According to recent research, this improves tool selection accuracy by up to 3×.
langgraph-bigtool is one stack that implements this pattern (LangGraph + retrieval over tools); other frameworks do the same idea with different names.
ITR (Instruction-Tool Retrieval) is a Python library that hybrid-retrieves instruction chunks and tools per step, then assembles them within a token budget—useful when you want dynamic system prompt pieces plus a narrowed tool set.
Compressions & Summarization
Context compression shrinks chat and tool traces so they fit the context window—stepwise or selective, instead of wiping the whole thread in one go.
Auto-compact is a product or runtime behavior: when the window nears capacity, the stack compacts automatically. Under the hood that is usually a mix of rule-based cuts and sometimes summarization (vendor-specific).
Tactics (the same item can appear in multiple stacks; combine in production):
Rule-based / trimming
- 🔥 Truncate or FIFO — drop oldest messages or tool rows; keep last N or stay under a token budget.
- 🔥 Heuristic trim — remove heavy tool JSON or logs; keep recent user / assistant text.
- 🔥 Middle-out / structured retention — keep system instructions, early setup, and the recent tail; compress or drop the middle.
- 🔥 Score-and-drop — rank messages; evict lowest-signal rows.
- 🔥 Tool trace hygiene — shorten or elide bulky tool outputs, not only chat lines.
Model-assisted (summarization family)
- 🔥 Rolling (incremental) summary — one updated digest replaces an older prefix of the thread.
- 🔥 Batch summarize — every k turns, compress a window of past turns with a model call.
- 🔥 Hierarchical / pyramid / recursive layers — summarize chunks, then summarize those summaries so detail rolls up.
Storage / platform
- 🔥 Externalize — move full history to persistent storage or RAG; inject only retrieved snippets for this turn (see memory / RAG elsewhere on this page).
- 🔥 Provider-side compaction / prompt caching — vendor or runtime rewrites or caches context; may save cost and latency without a visibly shorter transcript.
TL;DR: rule-based trimming ↔ model-written summaries ↔ externalize or vendor compaction, usually layered together.
Summarization
Within this section, summarization is the model-assisted branch: you rewrite long chat or tool traces into shorter text so the window stays bounded—distinct from pure rule-based trimming, though production stacks usually combine both.
SummarizationNode as a pre-model hook summarizes conversation history before the main model call so token use stays bounded in ReAct-style agents without hand-deleting turns.
LangMem summarization strategies focus on long context: periodic message summarization and running summaries that stay updated as the session grows. langchain-ai/langmem.
Isolation
Isolating context via sub-agents splits work across child agents that carry their own prompts, tool allowlists, and transcript slices so the parent graph is not polluted by every intermediate scratch path.
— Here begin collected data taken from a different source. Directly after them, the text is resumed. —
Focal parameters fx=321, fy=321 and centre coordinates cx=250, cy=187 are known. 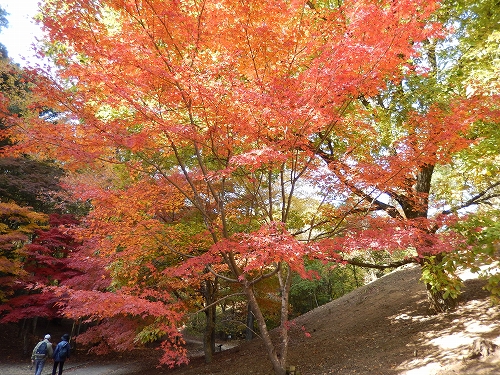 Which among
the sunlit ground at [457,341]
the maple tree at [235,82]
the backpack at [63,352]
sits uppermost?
the maple tree at [235,82]

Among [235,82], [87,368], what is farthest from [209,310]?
[235,82]

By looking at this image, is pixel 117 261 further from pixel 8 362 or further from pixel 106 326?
pixel 8 362

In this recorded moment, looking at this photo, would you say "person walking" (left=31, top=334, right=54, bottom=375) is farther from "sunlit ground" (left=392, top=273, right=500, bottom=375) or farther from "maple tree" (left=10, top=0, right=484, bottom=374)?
"sunlit ground" (left=392, top=273, right=500, bottom=375)

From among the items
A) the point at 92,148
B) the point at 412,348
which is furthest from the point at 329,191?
the point at 92,148

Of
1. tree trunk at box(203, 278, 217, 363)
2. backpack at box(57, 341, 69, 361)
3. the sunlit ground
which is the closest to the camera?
the sunlit ground

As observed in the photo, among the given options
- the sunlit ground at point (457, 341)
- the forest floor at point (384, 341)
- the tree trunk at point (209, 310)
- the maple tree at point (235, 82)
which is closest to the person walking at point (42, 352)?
the maple tree at point (235, 82)

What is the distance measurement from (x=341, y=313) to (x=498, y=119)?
8.77 metres

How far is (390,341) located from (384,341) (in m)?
0.17

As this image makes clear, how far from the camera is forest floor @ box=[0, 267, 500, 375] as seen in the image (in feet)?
18.6

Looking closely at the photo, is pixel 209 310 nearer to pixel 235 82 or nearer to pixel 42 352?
pixel 42 352

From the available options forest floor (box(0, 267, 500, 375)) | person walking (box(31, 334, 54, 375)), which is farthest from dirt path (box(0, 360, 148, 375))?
person walking (box(31, 334, 54, 375))

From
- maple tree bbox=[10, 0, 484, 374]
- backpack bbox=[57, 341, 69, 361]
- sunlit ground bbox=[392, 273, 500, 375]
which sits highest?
maple tree bbox=[10, 0, 484, 374]

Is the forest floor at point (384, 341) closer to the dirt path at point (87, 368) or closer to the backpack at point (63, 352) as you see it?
the dirt path at point (87, 368)

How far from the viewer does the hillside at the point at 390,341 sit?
565 centimetres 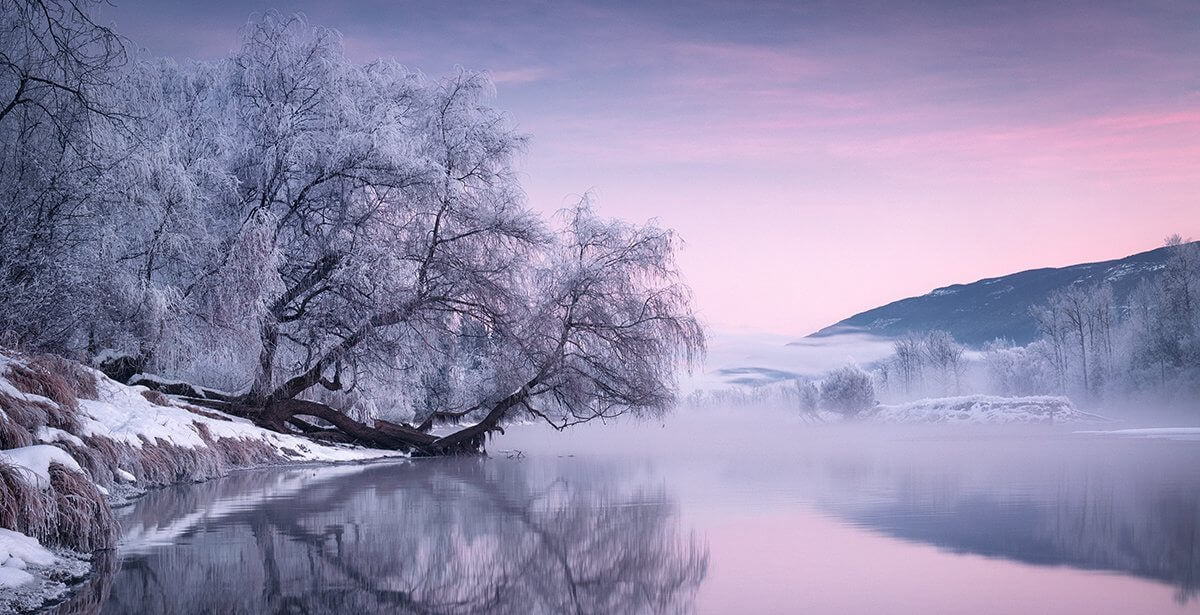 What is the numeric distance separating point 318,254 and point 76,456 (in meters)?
11.3

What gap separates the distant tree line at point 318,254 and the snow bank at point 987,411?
183ft

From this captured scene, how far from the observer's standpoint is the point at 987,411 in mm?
80000

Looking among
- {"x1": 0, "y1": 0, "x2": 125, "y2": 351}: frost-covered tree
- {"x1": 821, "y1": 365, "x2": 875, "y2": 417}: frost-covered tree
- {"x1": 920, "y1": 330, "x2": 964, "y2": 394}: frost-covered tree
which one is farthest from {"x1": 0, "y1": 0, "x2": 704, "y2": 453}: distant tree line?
{"x1": 920, "y1": 330, "x2": 964, "y2": 394}: frost-covered tree

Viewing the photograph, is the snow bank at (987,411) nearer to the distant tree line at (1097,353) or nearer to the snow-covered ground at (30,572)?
the distant tree line at (1097,353)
Sandboxed environments isolate execution: untrusted code and its side effects stay inside a bounded runtime instead of your host kernel or shell.
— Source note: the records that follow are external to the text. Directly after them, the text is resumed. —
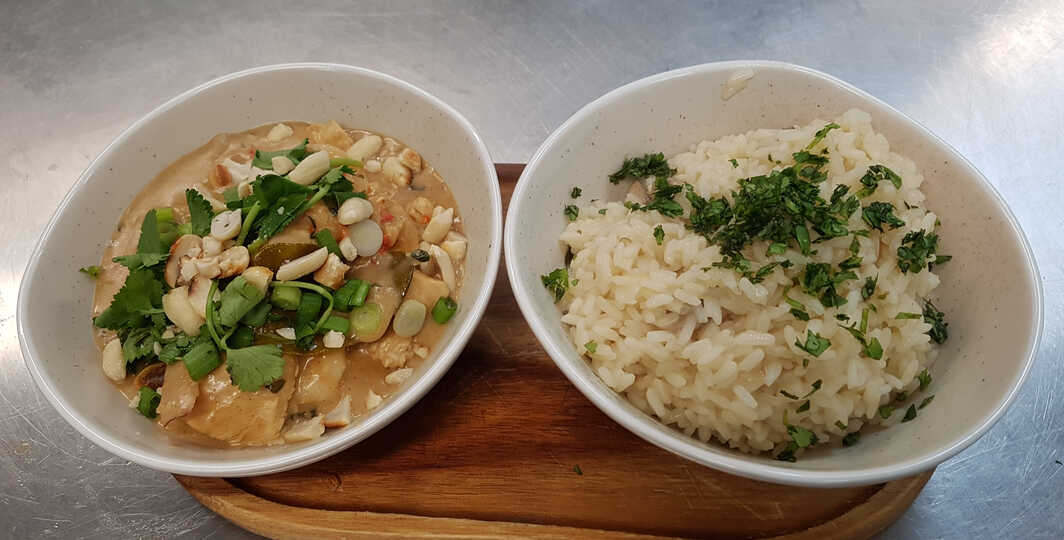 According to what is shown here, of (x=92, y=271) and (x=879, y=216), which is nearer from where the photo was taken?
(x=879, y=216)

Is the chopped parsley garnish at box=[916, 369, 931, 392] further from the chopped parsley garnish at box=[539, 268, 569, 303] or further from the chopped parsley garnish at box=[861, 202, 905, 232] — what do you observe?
the chopped parsley garnish at box=[539, 268, 569, 303]

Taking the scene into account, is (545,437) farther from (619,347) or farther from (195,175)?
(195,175)

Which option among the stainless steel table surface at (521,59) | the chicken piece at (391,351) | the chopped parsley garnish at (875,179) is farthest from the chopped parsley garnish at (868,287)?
the stainless steel table surface at (521,59)

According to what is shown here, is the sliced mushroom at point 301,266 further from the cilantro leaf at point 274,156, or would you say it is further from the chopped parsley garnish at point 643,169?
the chopped parsley garnish at point 643,169

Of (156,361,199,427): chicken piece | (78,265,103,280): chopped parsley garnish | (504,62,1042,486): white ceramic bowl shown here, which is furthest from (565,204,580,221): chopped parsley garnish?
(78,265,103,280): chopped parsley garnish

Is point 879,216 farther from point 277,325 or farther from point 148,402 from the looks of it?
point 148,402

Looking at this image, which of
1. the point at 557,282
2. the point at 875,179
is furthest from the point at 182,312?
the point at 875,179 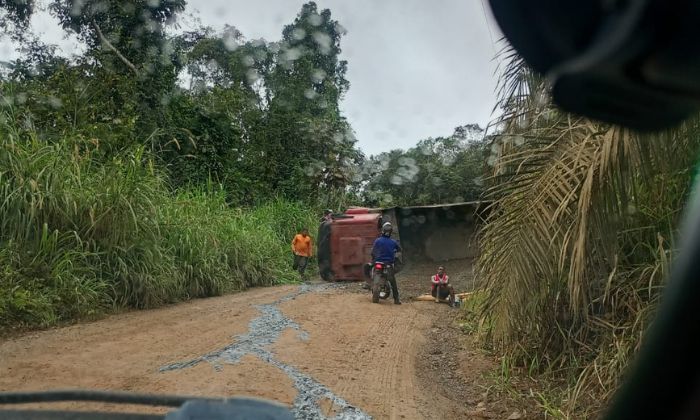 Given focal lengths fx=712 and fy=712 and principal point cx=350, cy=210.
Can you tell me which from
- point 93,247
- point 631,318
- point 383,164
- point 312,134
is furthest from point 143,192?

Wiring this into LangGraph is straightforward: LangChain Sandbox runs untrusted Python in a guarded process using Pyodide (Python compiled to WebAssembly), and you expose it as a tool on any LangGraph agent. Reference: langchain-ai/langchain-sandbox.
Conclusion
Context engineering is the product work of choosing what the model sees each turn: rules, sources, memory, tools, and user facts—then keeping that bundle small enough, fresh enough, and safe enough to behave. The same system needs lifecycle and guardrails on memory, selective tool loadouts, and compression, summarization, isolation, and trimming so context does not poison, distract, or overflow the window. Treat these as policies you version and measure, not one-off prompt tweaks.